There are not many sheep and cattle studs that can boast guest quarters quite like those found on Burrawang West Station. Laying some 70 kilometres west of Parkes in the Central West of New South Wales, Burrawang once sprawled across more than 210,000 hectares and boasted one of the State’s largest woolsheds. Today, at 4800ha, it is a more modest affair, running a herd of 1000 Angus-Shorthorn cross cattle and a burgeoning white Dorper stud geared towards fat lamb production. Bill Royal, a man of unaffected humour and charm, has been involved in the station side of things at Burrawang for more than 30 years and exudes an earthy pleasure in the quality of the stock and the pasture improvement he has overseen in that time. “It makes you feel good just to look at ‘em,” he says.

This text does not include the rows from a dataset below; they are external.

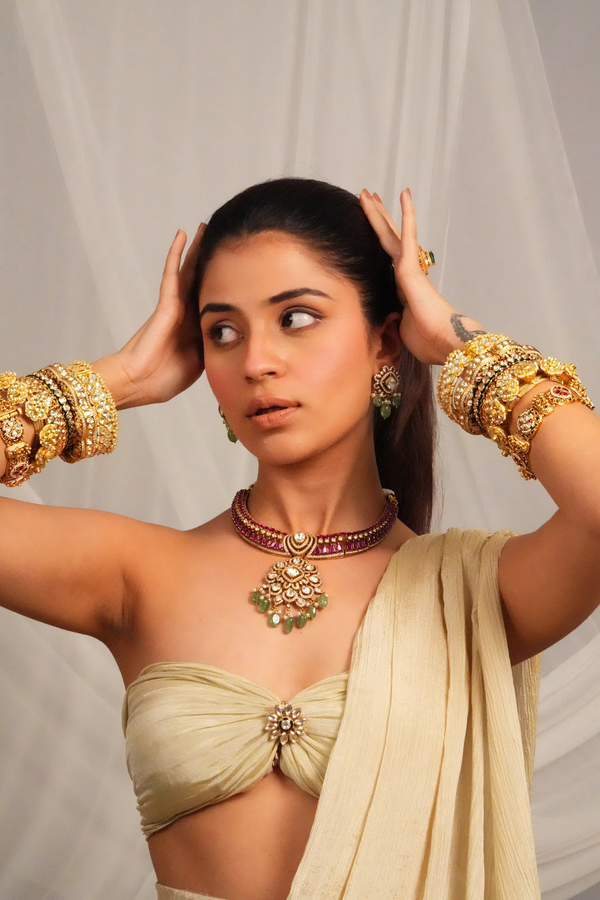 Temple inspired gemstone collar necklace with earrings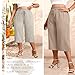 Evervibe 2 Pack Linen Capri Pants for Women L - 5XL Plus Size High Waist Drawstring Pockets Casual Cropped Trousers(Dark Khaki, Oatmeal,X-Large)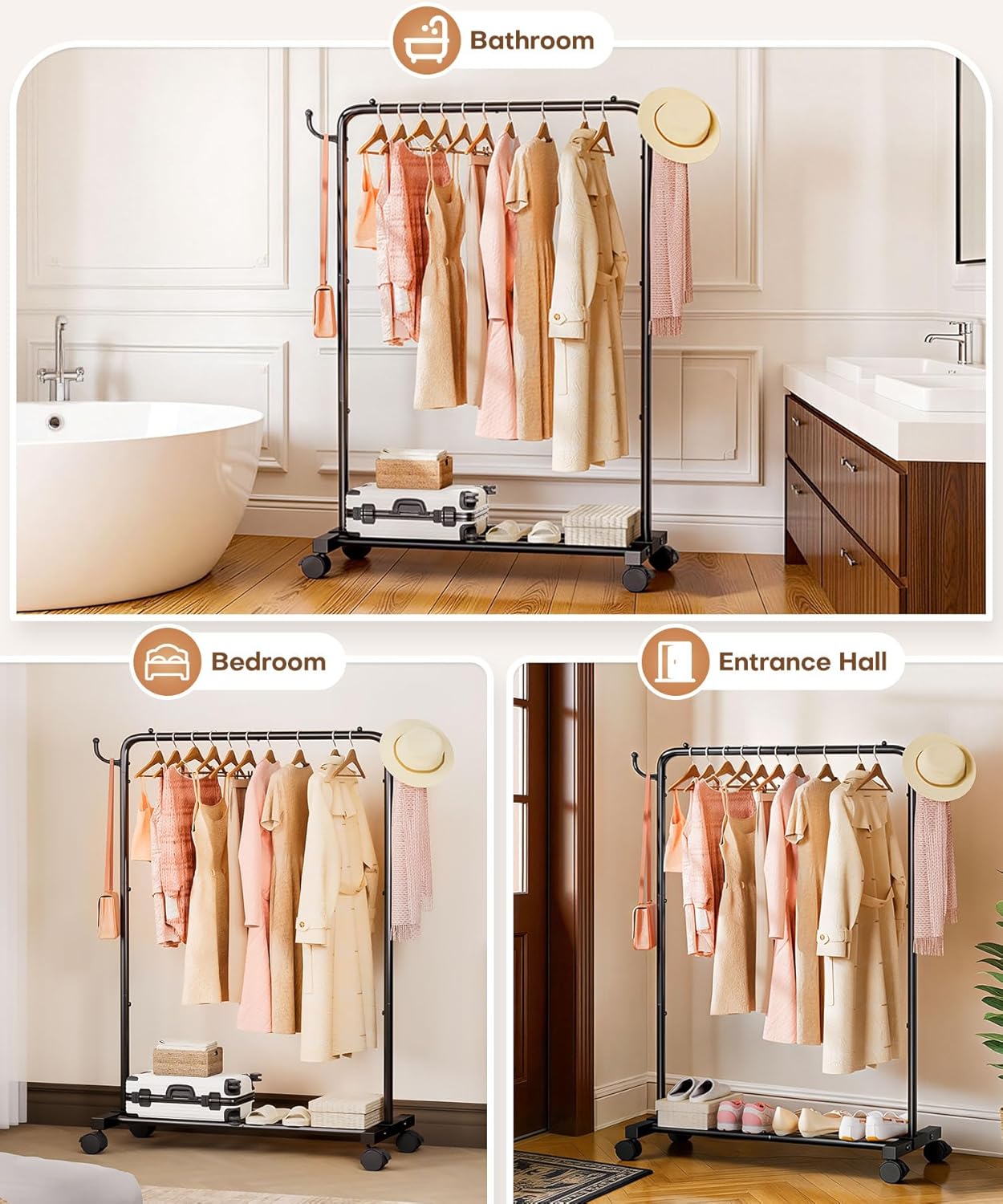 Homde Rolling Clothes Rack with Hooks: Standing Garment Storage for Indoor - Hanging Rod for Bedroom Laundry Room - Coat Dress Organizer on Wheels with luggage shelf (Black, 31.5")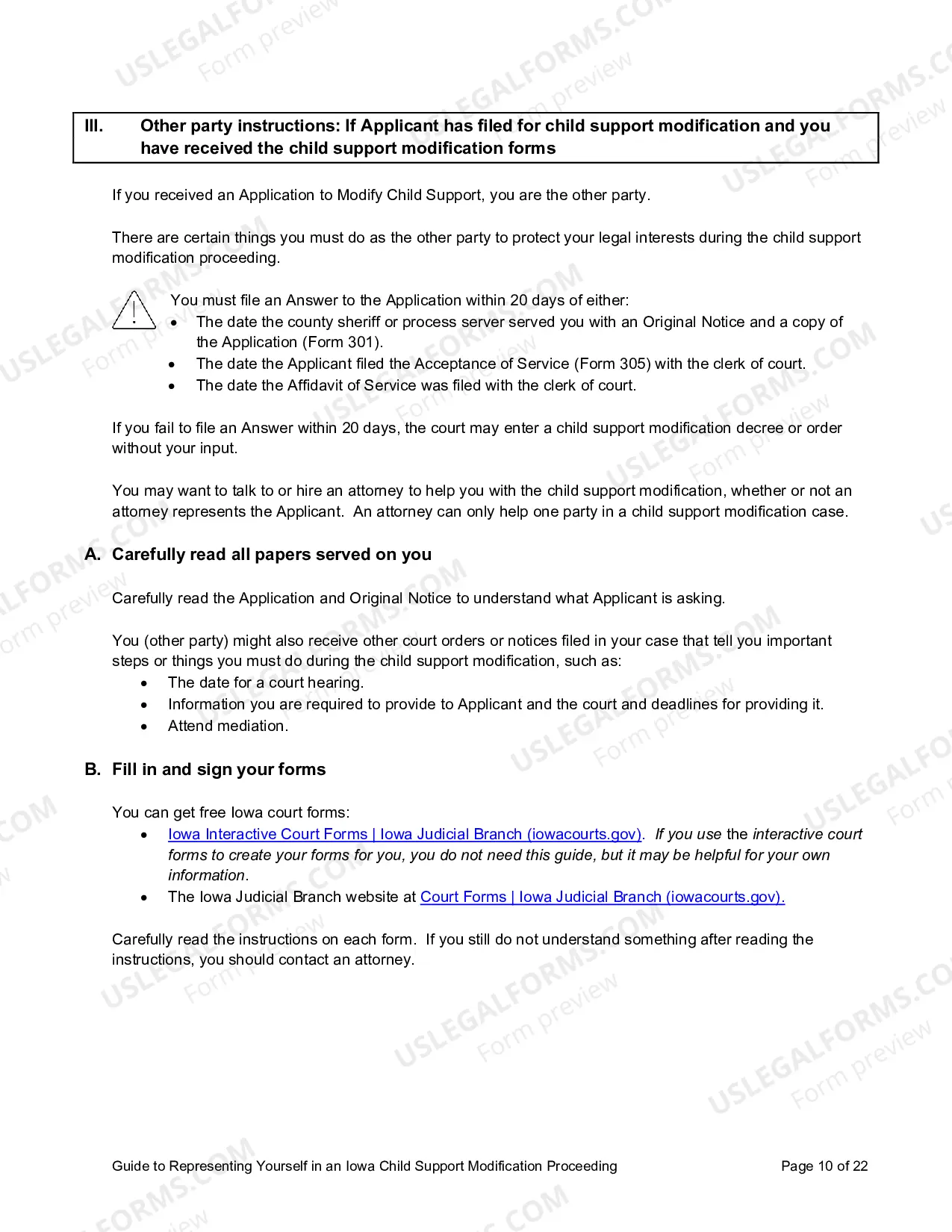 Preview Guide to Representing Yourself in a Child Support Modification Case in Iowa (491.62 KB)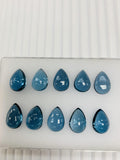 London Blue Topaz 10x13 MM Pear Cabs- Pack of 1 Pc - AAA Quality - Natural Blue Topaz Cabochon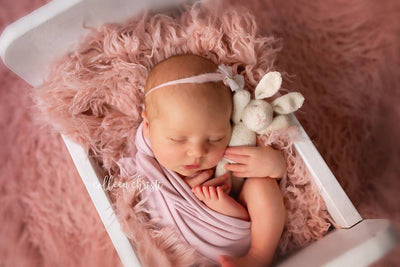 Mauve Pink Fabric Stretch Knit Newborn Baby Wrap - Beautiful Photo Props
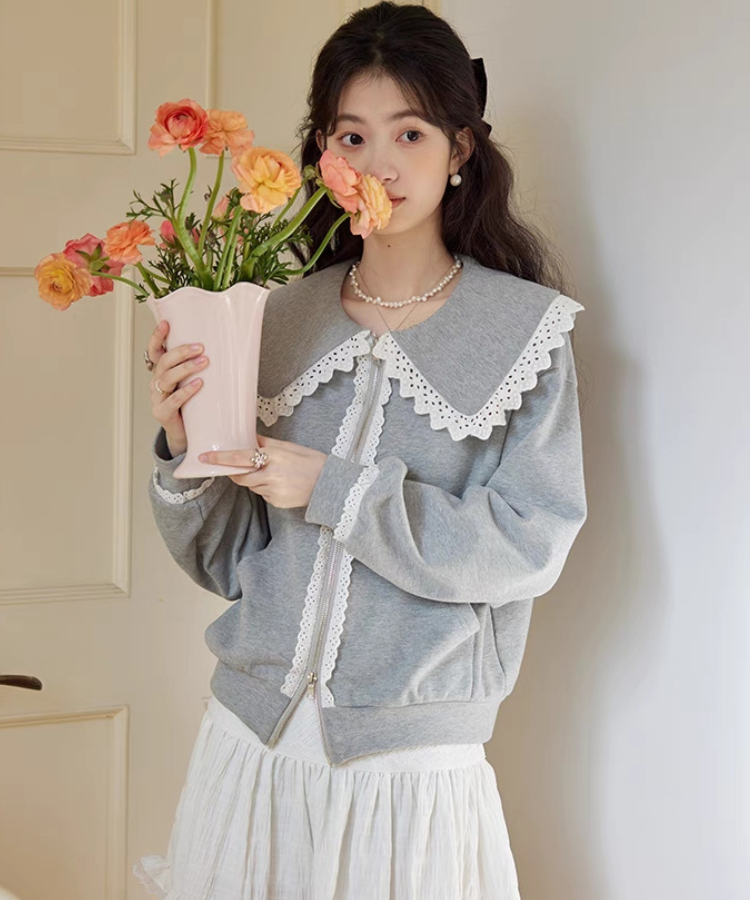 レースドールカラーダブルジップスウェット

There is nothing modest, however, about the less traditional aspect of the Burrawang operation. Back in the early 1990s the property was bought by Japanese construction giant, the Kajima Corporation. Company owner Dr Kajima wanted a luxury bush retreat for his executives and engaged a top Australian architectural firm to design it, taking styling cues from Australia’s colonial past. The results are luxuriously impressive. There are four lodges, which together contain 12 suites, and a central homestead with formal dining room, lounge, billiards room and bar. The attention to detail is notable, from the fittings and fixtures to the eclectic and beautiful art collection spread throughout. It’s understated and tasteful. Throw in tennis courts, a 20-metre pool and a sauna, and you’re starting to get the full picture.
For the better part of a decade a select group of very lucky Japanese executives were the beneficiaries of Kajima’s largesse, but with a downturn in the economy, he sold out in 2000 and canny Australian Graham Pickles and his wife Jana stepped in. Now Burrawang West is open to the public, with rates starting at $770 per person, per night. Graham is working hard on both sides of the operation, and regards each to be as important as the other, although at this stage the cattle and sheep are doing their fair share to support the tourism business. “The ideal is that half of the income will come from agriculture and half from tourism,” he explains. “It’ll take time, but the opportunity is here to build on what we’ve got and craft something really special.”
Working towards that goal from the resort side are new managers Doug and Stefanie Loeb - they were appointed in December 2006 - and their offsiders Chris Hemphill and Lyndall Fisher. Doug’s an excellent chef with experience in management at some of the top hotels in Sydney and Stefanie is an architect, who’s loving playing host. Both are German speakers, which will be an advantage with at least some of the station’s international visitors. “We’re getting more and more people from the US and Europe,” Graham says. “People are just loving having a real Australian outback experience in luxury.”
Burrawang has become popular with corporate groups, which value its combination of ‘isolation’ (there’s no mobile signal) with luxury and accessibility (it’s a relatively short flight from Sydney, 435km to the east). “We’ve found that the corporate market has done the Hunter Valley, the Southern Highlands and the Blue Mountains and now they want something different,” he says.
Central to the way things are run is the close relationship between the pastoral and tourism sides of the enterprise. Guests can tour the property and share in the good work being done, including the establishment of a new 110ha wildlife sanctuary along the property’s Goobang Creek. You can tell everyone pretty much gets on well, and that relaxed friendliness is as much a part of the sense of luxury surrounding the place as are the fixtures and fittings.